Este problema, convierte a Ciudadanos en un socio incapaz de
arbitrar una vía que facilite las conversaciones con catalanes y ahora también
con vascos, según lo que hemos oído estos días, por lo que su deseada ayuda,
podría desembocar, de conseguirse, en un arma de doble filo, difícil de
manejar, en un momento en que ya existen muchos y variados inconvenientes de
otro tipo, que también requieren de consenso.
No parece, además, que Rivera vaya a ser el manso corderito
al que conducir sin objeciones hacia el destino marcado por el socio más
fuerte, ni tampoco que vaya a conformarse con estampar su firma sin rechistar
en las propuestas sugeridas por sus futuros aliados en el gobierno, sobre todo
si se tiene en cuenta que al menos en apariencia, demuestra una clara ambición
por hacer crecer a su Partido y muchas veces ha manifestado su deseo de
convertirse en breve, él mismo, en Presidente.
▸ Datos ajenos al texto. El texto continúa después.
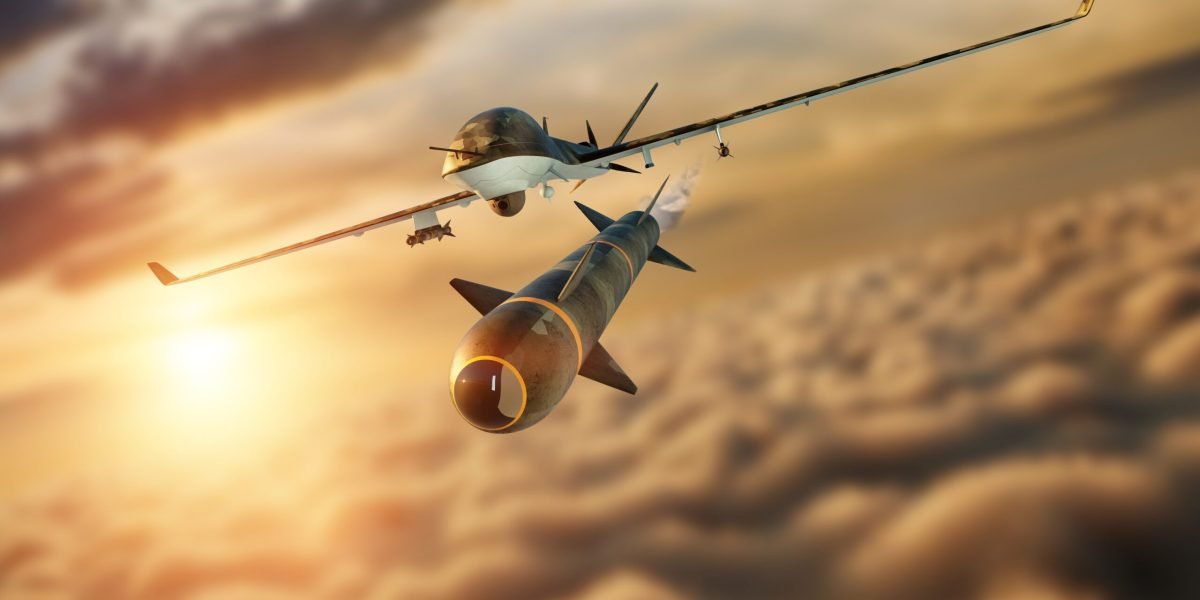 Europa, sub amenințarea dronelor: Avertisment de la un general american Fostul comandant al Armatei SUA în Europa, generalul-locotenent în retragere Ben Hodges, a tras un semnal de alarmă cu privire la pregătirea insuficientă a Europei pentru un eventual atac masiv cu drone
Así que los pactar con Ciudadanos podría acarrear a quienes
decidan hacerlo, la incomodidad de tener que competir, de manera permanente,
con el carisma innegable de un Albert Rivera
incapaz de renunciar al protagonismo que la historia le ofrece y que no
parece dispuesto a ser relegado a un segundo plano en el que sus acciones
queden oscurecidas por el liderazgo de un futuro Presidente, que lo habrá sido
gracias a él y que por tanto, habrá de hacerle múltiples concesiones.
La verdad, las preferencias de Sánchez y Rajoy, poco o nada
importan en estos momentos. Si al final es Ciudadanos la que ayuda a lograr la
investidura, tengan por seguro que no lo harán a cambio de nada.
Así que harían bien unos y otros en estudiar minuciosamente
cuáles son sus propuestas, analizar las pretensiones de su líder, sopesar si
merece la pena competir con él y con su indiscutible personalidad durante toda
la legislatura y sobre todo, tratar de adivinar lo que calla.
En política, nadie tiende la mano si no espera obtener pingues
beneficios y Albert Rivera, mucho menos.